▶ [Supplied material]
-=-=-=-=-

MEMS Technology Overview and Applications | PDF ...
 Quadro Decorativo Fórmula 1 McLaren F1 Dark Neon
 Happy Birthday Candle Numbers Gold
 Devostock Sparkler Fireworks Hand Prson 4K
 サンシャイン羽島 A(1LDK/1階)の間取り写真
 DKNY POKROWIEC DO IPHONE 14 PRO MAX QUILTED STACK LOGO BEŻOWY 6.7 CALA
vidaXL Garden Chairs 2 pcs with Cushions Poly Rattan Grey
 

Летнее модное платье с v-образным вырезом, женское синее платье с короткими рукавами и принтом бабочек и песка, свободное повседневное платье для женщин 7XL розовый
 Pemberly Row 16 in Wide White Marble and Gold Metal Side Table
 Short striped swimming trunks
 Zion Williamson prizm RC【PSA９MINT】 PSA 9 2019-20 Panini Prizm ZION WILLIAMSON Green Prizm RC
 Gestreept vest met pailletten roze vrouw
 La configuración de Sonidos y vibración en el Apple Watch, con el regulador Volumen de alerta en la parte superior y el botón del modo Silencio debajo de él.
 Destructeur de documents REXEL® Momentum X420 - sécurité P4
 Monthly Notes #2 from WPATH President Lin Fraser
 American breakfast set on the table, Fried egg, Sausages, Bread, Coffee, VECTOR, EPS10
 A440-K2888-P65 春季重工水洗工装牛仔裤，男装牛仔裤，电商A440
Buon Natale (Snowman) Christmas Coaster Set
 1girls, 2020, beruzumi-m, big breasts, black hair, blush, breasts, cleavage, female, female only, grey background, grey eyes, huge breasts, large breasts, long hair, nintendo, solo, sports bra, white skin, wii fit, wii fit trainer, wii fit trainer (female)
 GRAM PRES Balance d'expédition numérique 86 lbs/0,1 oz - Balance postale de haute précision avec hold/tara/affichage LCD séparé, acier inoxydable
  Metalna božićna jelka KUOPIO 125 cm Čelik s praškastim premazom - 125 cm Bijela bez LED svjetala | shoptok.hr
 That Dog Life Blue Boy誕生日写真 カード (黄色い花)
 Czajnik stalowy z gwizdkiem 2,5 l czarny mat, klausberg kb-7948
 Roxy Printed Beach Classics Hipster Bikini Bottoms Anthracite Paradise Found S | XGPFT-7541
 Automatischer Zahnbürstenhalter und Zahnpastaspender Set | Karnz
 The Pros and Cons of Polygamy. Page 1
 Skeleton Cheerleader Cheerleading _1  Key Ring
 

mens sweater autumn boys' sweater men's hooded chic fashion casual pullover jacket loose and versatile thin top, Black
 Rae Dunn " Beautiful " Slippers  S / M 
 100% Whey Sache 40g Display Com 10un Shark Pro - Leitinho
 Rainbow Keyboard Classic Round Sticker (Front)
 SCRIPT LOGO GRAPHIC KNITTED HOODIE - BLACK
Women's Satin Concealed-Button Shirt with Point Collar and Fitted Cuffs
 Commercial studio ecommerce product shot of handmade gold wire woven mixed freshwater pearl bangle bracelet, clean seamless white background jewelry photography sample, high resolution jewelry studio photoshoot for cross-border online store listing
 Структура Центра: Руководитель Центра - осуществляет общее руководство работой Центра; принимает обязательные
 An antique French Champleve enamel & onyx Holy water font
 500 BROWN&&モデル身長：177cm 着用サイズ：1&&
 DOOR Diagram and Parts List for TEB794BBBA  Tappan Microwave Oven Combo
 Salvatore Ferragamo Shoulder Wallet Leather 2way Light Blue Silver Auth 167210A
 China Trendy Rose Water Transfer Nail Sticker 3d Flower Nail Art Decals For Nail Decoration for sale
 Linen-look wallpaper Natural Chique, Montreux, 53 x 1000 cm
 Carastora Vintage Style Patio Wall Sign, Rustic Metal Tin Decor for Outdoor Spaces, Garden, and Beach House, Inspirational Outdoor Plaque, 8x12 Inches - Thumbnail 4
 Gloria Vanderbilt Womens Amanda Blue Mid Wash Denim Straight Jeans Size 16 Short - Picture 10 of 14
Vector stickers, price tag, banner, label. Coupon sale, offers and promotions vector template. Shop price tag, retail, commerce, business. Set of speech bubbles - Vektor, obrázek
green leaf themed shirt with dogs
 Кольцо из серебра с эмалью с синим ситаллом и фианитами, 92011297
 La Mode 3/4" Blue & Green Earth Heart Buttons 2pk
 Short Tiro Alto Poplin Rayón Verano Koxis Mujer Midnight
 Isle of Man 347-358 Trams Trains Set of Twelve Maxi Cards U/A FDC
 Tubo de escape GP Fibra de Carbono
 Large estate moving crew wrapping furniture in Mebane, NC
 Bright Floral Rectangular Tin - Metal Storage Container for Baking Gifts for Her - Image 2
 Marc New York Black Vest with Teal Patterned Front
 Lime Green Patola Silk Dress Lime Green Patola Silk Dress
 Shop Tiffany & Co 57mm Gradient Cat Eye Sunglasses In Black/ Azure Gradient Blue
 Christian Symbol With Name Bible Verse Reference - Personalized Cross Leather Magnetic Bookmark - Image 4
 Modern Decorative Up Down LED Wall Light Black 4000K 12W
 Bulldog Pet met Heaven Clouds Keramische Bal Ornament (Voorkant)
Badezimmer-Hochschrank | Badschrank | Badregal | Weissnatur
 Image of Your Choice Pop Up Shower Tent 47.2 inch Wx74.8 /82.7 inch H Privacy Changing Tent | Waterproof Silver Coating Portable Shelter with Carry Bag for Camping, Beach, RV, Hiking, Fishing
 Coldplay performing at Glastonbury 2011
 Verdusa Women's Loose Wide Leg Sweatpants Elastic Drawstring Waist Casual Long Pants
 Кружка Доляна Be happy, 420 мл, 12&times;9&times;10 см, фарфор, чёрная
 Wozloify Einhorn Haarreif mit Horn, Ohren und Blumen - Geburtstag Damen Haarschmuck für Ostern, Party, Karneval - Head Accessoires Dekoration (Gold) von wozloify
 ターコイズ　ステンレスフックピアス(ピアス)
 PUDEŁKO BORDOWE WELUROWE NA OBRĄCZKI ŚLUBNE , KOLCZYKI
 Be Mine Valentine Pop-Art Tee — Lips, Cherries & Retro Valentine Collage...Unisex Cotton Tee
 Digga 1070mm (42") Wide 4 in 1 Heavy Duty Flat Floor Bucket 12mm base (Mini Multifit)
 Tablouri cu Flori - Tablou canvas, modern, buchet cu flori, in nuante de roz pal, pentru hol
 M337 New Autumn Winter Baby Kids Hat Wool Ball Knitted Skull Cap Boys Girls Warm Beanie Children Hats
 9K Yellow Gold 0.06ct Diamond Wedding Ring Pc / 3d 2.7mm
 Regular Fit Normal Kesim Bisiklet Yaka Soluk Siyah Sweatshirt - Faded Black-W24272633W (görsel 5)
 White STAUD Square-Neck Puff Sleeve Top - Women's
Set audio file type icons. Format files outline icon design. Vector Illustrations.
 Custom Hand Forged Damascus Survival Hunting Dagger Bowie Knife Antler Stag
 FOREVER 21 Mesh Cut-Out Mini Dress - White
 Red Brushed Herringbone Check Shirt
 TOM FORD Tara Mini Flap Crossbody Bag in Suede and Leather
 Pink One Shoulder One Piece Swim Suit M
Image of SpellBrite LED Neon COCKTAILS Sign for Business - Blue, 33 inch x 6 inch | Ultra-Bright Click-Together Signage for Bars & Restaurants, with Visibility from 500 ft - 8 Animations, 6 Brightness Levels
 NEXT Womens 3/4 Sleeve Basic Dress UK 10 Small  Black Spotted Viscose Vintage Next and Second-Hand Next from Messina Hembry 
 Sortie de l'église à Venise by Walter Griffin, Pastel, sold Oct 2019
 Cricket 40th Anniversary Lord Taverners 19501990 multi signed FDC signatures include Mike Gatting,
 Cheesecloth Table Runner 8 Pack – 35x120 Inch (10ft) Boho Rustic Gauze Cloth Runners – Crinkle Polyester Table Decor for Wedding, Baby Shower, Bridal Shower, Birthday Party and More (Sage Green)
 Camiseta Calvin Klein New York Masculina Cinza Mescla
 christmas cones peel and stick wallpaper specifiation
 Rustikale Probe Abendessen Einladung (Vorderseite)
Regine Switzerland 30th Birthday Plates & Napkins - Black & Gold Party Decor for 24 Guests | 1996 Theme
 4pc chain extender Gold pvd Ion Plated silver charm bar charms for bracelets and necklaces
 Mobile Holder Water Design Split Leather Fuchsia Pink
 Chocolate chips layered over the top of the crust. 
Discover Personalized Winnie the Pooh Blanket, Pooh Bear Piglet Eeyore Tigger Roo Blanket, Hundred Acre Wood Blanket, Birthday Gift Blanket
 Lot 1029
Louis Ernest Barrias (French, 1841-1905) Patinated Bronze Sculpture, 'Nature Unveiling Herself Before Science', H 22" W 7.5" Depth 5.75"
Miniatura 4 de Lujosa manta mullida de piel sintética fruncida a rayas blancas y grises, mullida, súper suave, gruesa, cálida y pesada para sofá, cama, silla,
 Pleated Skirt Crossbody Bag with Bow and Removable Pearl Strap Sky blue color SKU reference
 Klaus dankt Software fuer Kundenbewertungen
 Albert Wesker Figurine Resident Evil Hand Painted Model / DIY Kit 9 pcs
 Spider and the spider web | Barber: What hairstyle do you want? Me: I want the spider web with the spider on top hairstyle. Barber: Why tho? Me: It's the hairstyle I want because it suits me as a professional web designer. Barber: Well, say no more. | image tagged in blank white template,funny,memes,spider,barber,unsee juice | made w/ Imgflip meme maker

-=-=-=-=-

▶ [Prompt] Begin at the line that has "Set audio file" in the entries above; stop after the line that has "christmas cones peel". Transcribe exactly those lines and no others.

▶ [Exercise answer]
Set audio file type icons. Format files outline icon design. Vector Illustrations.
 Custom Hand Forged Damascus Survival Hunting Dagger Bowie Knife Antler Stag
 FOREVER 21 Mesh Cut-Out Mini Dress - White
 Red Brushed Herringbone Check Shirt
 TOM FORD Tara Mini Flap Crossbody Bag in Suede and Leather
 Pink One Shoulder One Piece Swim Suit M
Image of SpellBrite LED Neon COCKTAILS Sign for Business - Blue, 33 inch x 6 inch | Ultra-Bright Click-Together Signage for Bars & Restaurants, with Visibility from 500 ft - 8 Animations, 6 Brightness Levels
 NEXT Womens 3/4 Sleeve Basic Dress UK 10 Small  Black Spotted Viscose Vintage Next and Second-Hand Next from Messina Hembry 
 Sortie de l'église à Venise by Walter Griffin, Pastel, sold Oct 2019
 Cricket 40th Anniversary Lord Taverners 19501990 multi signed FDC signatures include Mike Gatting,
 Cheesecloth Table Runner 8 Pack – 35x120 Inch (10ft) Boho Rustic Gauze Cloth Runners – Crinkle Polyester Table Decor for Wedding, Baby Shower, Bridal Shower, Birthday Party and More (Sage Green)
 Camiseta Calvin Klein New York Masculina Cinza Mescla
 christmas cones peel and stick wallpaper specifiation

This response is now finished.